## [Record set]
____________
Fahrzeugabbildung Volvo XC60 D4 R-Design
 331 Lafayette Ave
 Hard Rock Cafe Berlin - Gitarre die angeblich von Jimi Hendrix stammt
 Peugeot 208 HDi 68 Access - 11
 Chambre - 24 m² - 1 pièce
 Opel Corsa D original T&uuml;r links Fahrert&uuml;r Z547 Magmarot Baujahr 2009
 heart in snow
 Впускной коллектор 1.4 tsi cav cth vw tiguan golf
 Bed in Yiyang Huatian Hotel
____________
## [Task statement]
Extract every record. Keep wording exact.

## [Result]
Fahrzeugabbildung Volvo XC60 D4 R-Design
 331 Lafayette Ave
 Hard Rock Cafe Berlin - Gitarre die angeblich von Jimi Hendrix stammt
 Peugeot 208 HDi 68 Access - 11
 Chambre - 24 m² - 1 pièce
 Opel Corsa D original T&uuml;r links Fahrert&uuml;r Z547 Magmarot Baujahr 2009
 heart in snow
 Впускной коллектор 1.4 tsi cav cth vw tiguan golf
 Bed in Yiyang Huatian Hotel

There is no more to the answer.